HOW TO COMPLETE THIS TASK: Transcribe word for word the lines below from the line with "Anne Cutler - Licensed" through the line with "Foreo Bear Mint", ends included.

AVAILABLE RECORDS:
________________________________________

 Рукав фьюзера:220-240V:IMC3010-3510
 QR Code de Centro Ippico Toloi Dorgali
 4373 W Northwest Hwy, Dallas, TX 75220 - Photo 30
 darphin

________________________________________

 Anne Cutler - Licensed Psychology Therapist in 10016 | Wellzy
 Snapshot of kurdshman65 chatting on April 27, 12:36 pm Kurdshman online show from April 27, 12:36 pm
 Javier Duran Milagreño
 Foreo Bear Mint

________________________________________

WRITTEN RESPONSE:
 Anne Cutler - Licensed Psychology Therapist in 10016 | Wellzy
 Snapshot of kurdshman65 chatting on April 27, 12:36 pm Kurdshman online show from April 27, 12:36 pm
 Javier Duran Milagreño
 Foreo Bear Mint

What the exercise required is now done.